Types of Clubheads

These are designed to be more forgiving – a concept that for most of us will be very attractive. Simply speaking, our off-centre strikes will travel straighter and longer than was previously possible with older technology. They are designed for the amateur player to make the game easier and more enjoyable.

These clubs do this by having the weight taken from the back of the club head and placed around the perimeter – hence perimeter weighting. Because the clubhead has this weight behind the toe and heel of the club, when a shot is hit from either, the head remains more stable and does not twist. Anything that reduces twist in the club head at impact will result in more accurate, longer shots. Cavity-backed clubs now also tend to have lower centres of gravity. This produces a higher launch angle for shots which allows the ball to get airborne more easily. This makes hitting long irons considerably easier and less daunting for the higher handicapper.

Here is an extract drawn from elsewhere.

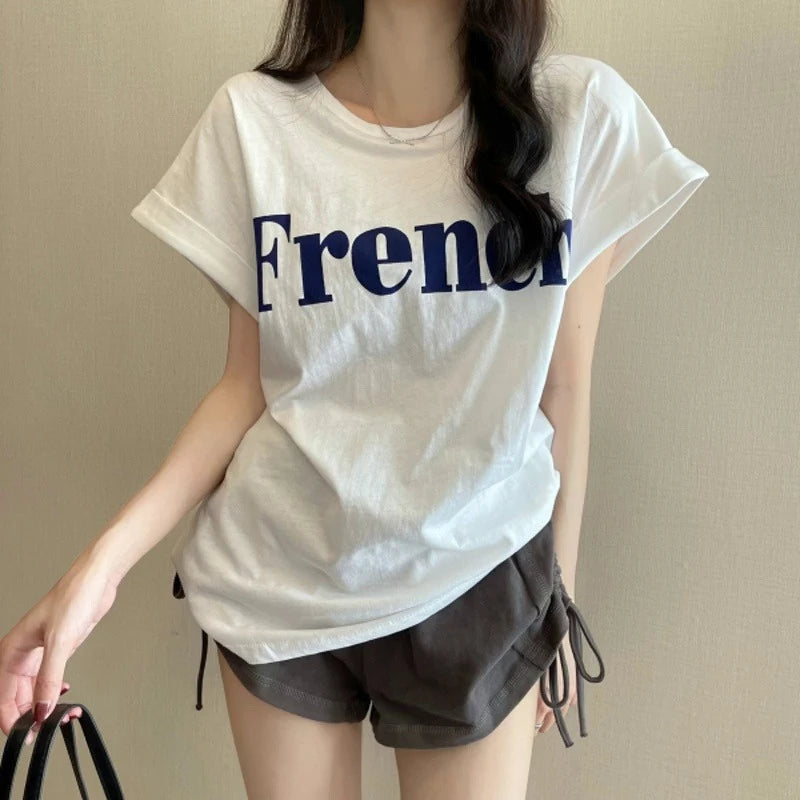 Loose ort Sve T-irt Women's Summer Thin Design Sense  Hong Kong Sle Chic Retro Top Trendy round Ne Polyester ...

Cavity-backs are normally either midsize or oversize. This refers to the size of the club head and its ‘sweet-spot’. Higher handicap golfers should go for an oversize head, as it will maximize forgiveness, enabling them to progress more quickly. More proficient amateurs may choose to go for the midsize cavity which may help their accuracy and “shotmaking” abilities.

There are few true blades left on the market, mainly down to the fact that cavity-backs are better for the vast majority of golfers. Blades are more difficult to use than other types of clubhead, as they offer little or no forgiveness for a strike anywhere other than the sweet-spot.

The reason that the top end of the amateur and professional players often choose to play these is because they rarely, if ever, miss the centre of the club. With accuracy like this, the blade offers ultimate playability. This means that the user can move the ball around in the air, left to right, high or low with great accuracy and feel. For most players simply hitting the ball straight is enough and that is why the forgiving nature of a cavity is our choice. Leave the blades to the experts!

Forged Head
FORGED HEAD – for the better player and why.

Clubs that have a forged head are designed for the lower handicap amateur and the professional. They offer these players a softer, better feel and above all complete consistency. The golfer will experience a softer feeling at impact, which is known to increase feedback. This will increase the players feel and therefore touch, particularly with the shorter irons, allowing the player to attack the target with complete confidence. At the top level of golf where players rely on distances being accurate to the metre, the forged head provides a consistency of distance unrivalled by other materials.

Forged clubs are made to be softer than others, and are therefore less durable. The higher handicap is unlikely to appreciate the benefit and is more likely to damage the club.

As forged clubs are more expensive (due to a more intensive production process) the higher handicap player should be advised against them as, for a lower financial outlay, they can get a set of clubs (see below) more suited to their game.

Cast Head
Cast club heads are mainly less expensive than forged, offer greater ease of use and are more durable. The higher handicapper will rarely appreciate the benefits of a forged club and as such is better opting for cast.

Being generally harder than forged club heads reduces the risk of damaging (chipping), so the investment in a set of clubs is likely to be longer lasting.